Birgit Püve for TIME
March 31, 2022 3:12 PM EDT

Kaja Kallas has clear memories of the Soviet occupation. She was a teenager when Estonia became independent, and she remembers growing up before that with empty shop shelves, a passport that would not allow her to travel to countries outside the Eastern bloc, and a chilling atmosphere that kept people from speaking freely outside their homes. She also remembers the stories about the harsher deprivations—deportations, imprisonment— that her parents and grandparents faced. So now that Kallas is Estonia’s Prime Minister, it makes sense that she has become one of the most vocal advocates for taking an unyielding stance against Putin.

“If Putin wins, or if he even has the view that he has won this war, his appetite will only grow,” Kallas, 44, said in late March, sitting in the elegant neoclassical building—its salons lined with paintings of Estonian patriots—that serves as the seat of government. “And that means he will consider other countries. That’s why we have to do everything we can to stop him now.”

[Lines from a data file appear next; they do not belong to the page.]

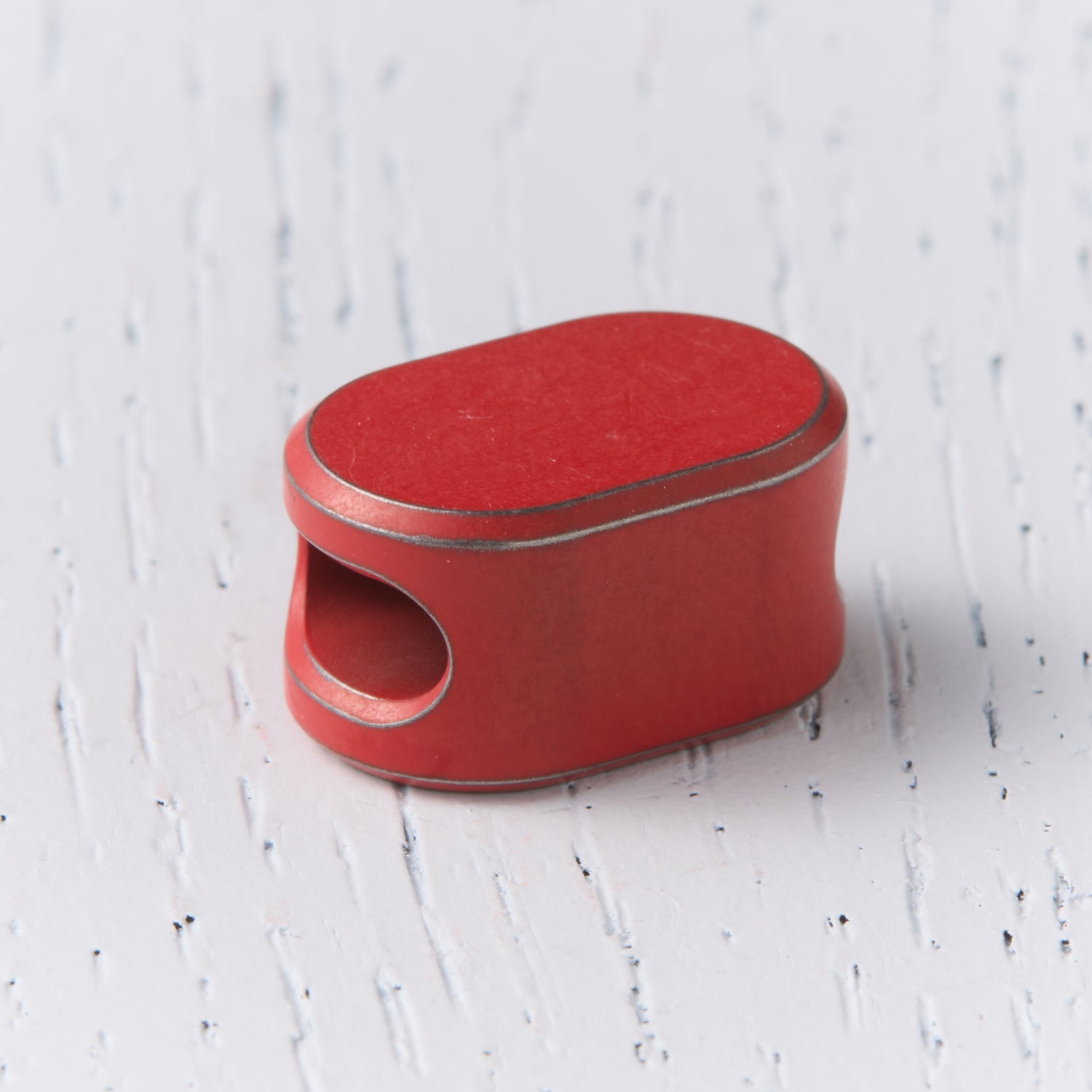 Capsule Bead
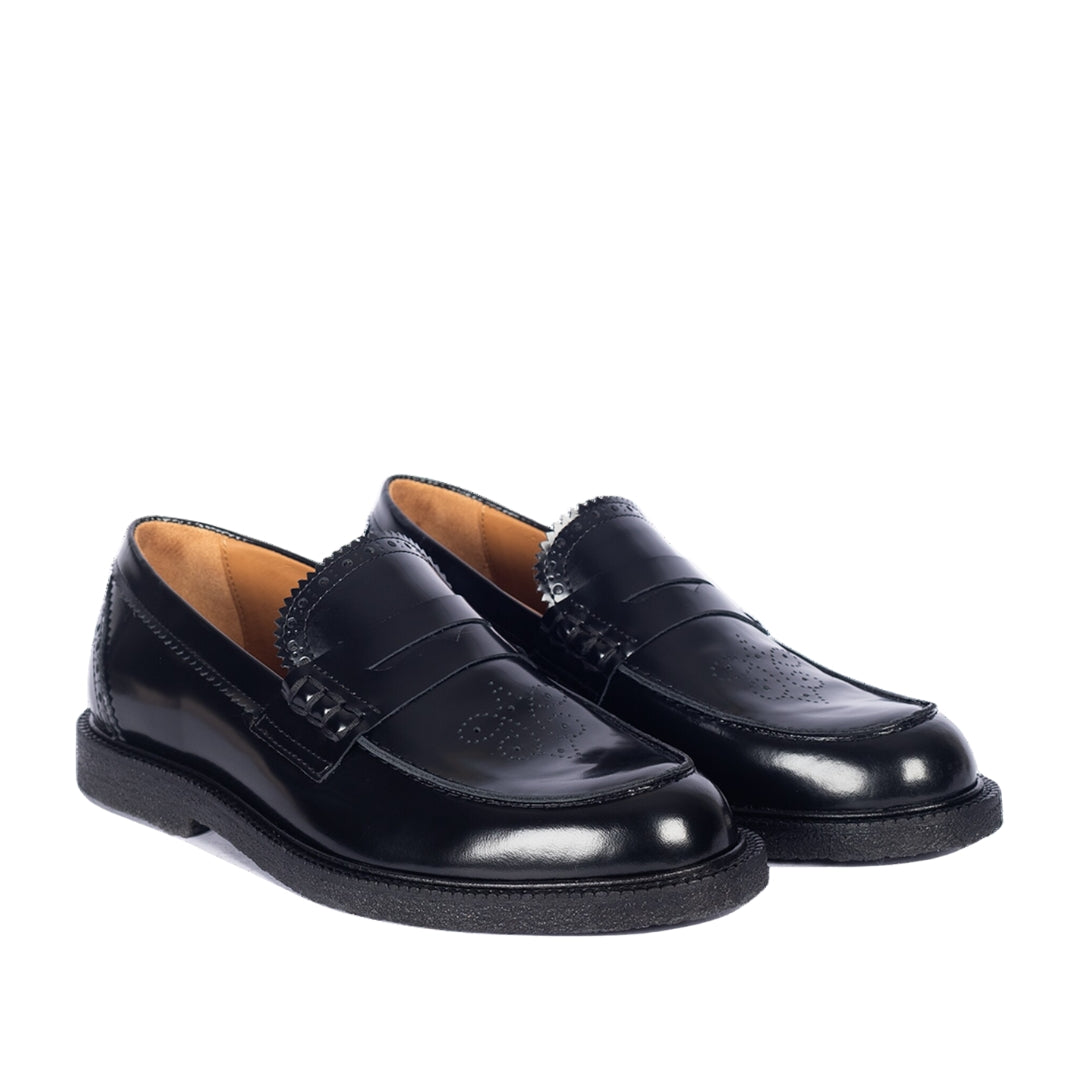 Angulus Penny Loafer, 1683-sort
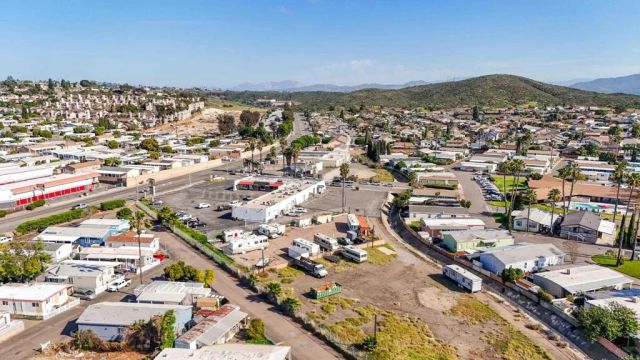 10767 Jamacha SPC 151, Spring Valley, CA 91978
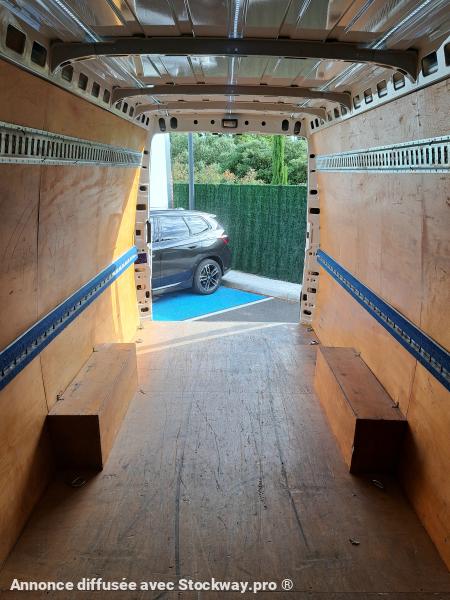 Photo Iveco Daily  image 11/11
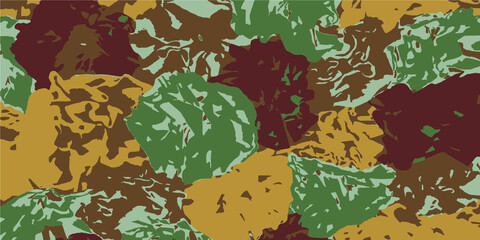 Design background of abstract shapes. Fits for : Layout, Poster Background, Artwork, Wall Art , Cover, Print, illustration, Cover, Etc. Vector illustration eps-10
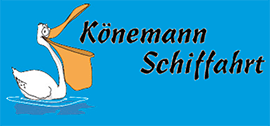 koenemann-schiffahrt-logo
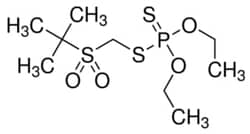 PESTANAL™ Terbufos-Sulfone Analytical Standard, MilliporeSigma™ Supelco™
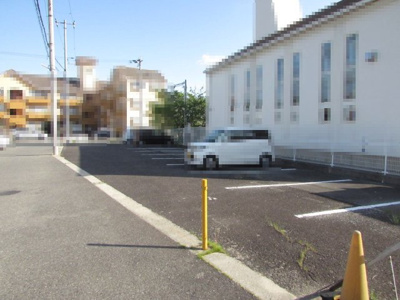 【外観】 | 洲本市物部１丁目・売土地 | 令和８年５月撮影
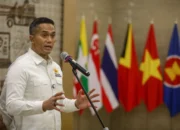 Revisi UU Kadin Dorong UMKM Naik Kelas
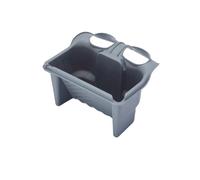 Harris Ultimate Handyhold 103104003 Bouilloire de Peinture Gris Taille S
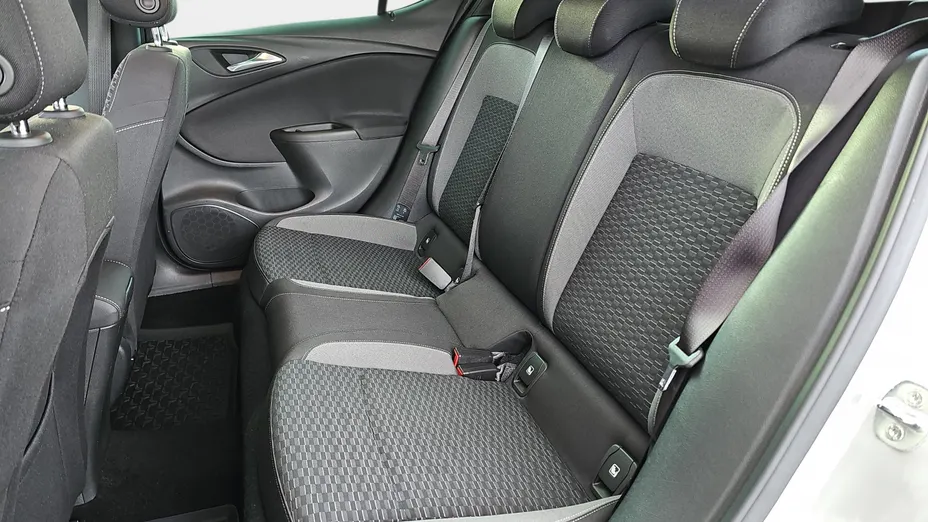 OPEL Astra Astra V 1.2 T GS Line S&S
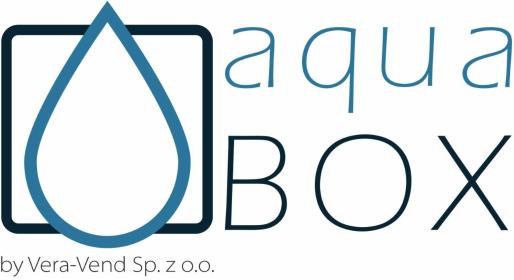 Vera-Vend Sp. z o.o. | AquaBox - Dostawy wody Radzymin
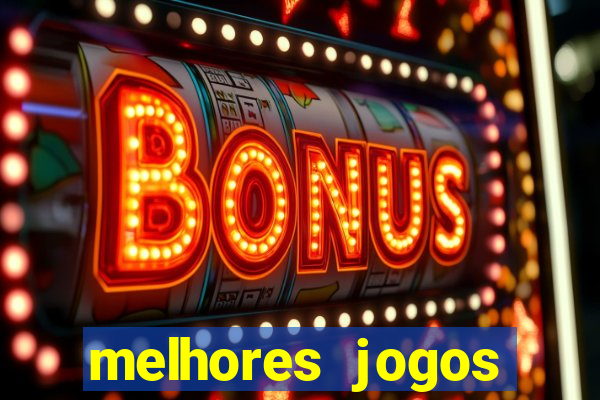 melhores jogos mundo aberto para android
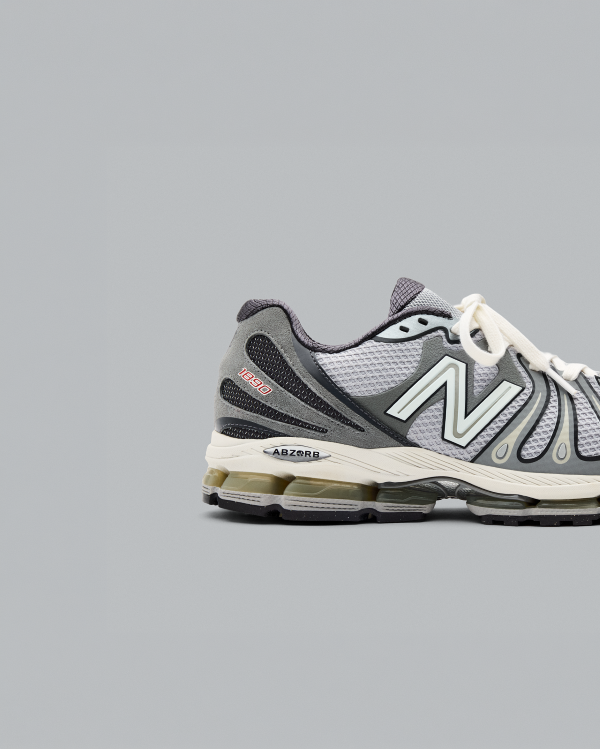 New Balance 1890 'Grey Days' 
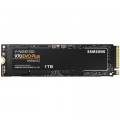 Samsung Накопичувач SSD M.2 2280 1TB 970 EVO Plus Samsung (MZ-V7S1T0BW)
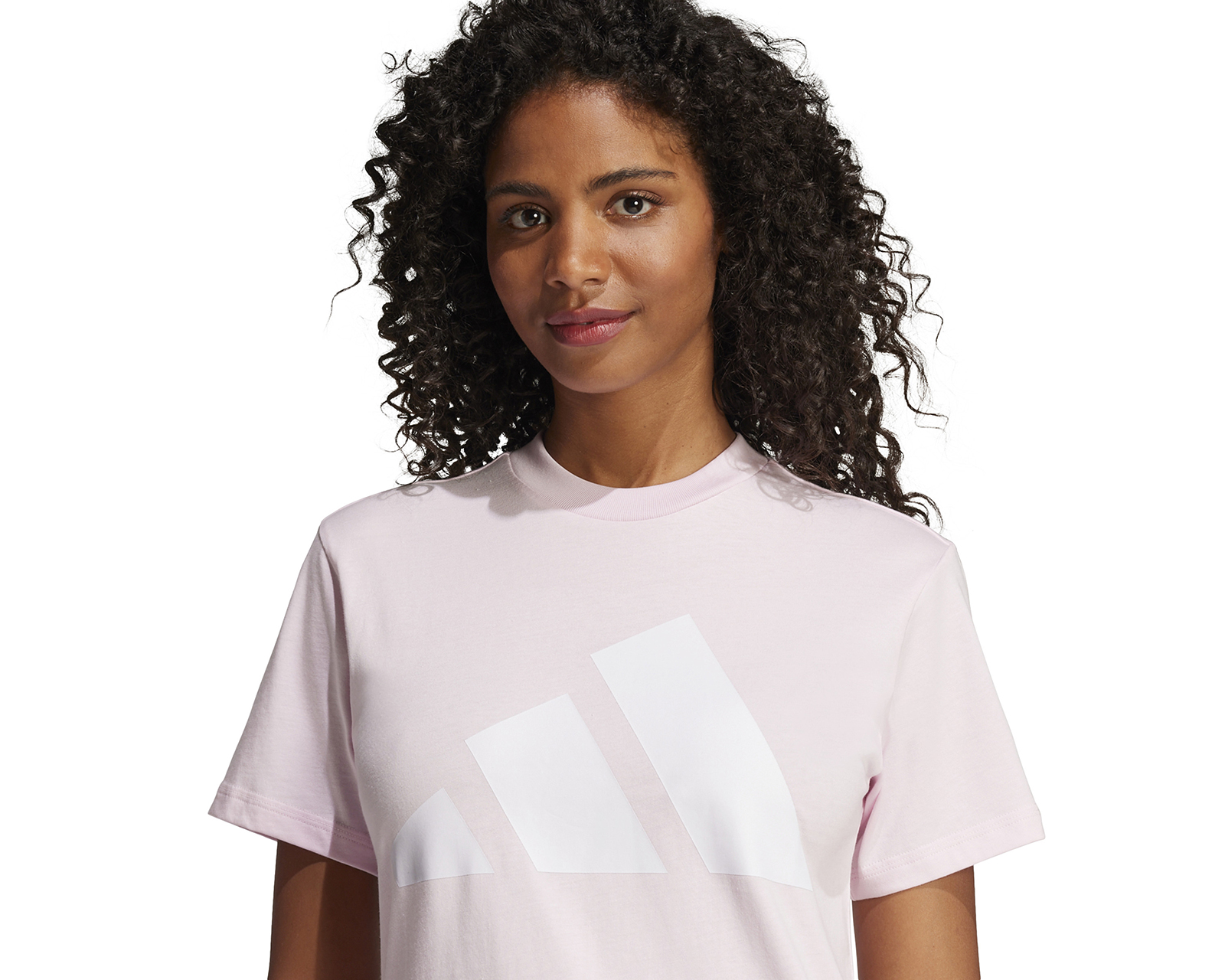 Foto 5 pulgar | Foto 4 | Playera Adidas Essentials para Mujer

Like other countries in the region, Estonia has had painful experiences with Russian oppression. Occupied by the Soviet Union in the 1940s, the country’s farms were forcibly collectivized and tens of thousands of its citizens deported to Siberia. It was not until 1991, when the USSR was collapsing, that the country regained its independence. Quickly reverting to democracy, Estonia joined the European Union in 2004, and put a forward-looking emphasis on digitalization—all of its public services and much of its business is conducted online. It has since become one of the fastest-growing economies in Europe. But it has never relinquished its mistrust of its powerful neighbor to the east, with whom it shares nearly 200 miles of border.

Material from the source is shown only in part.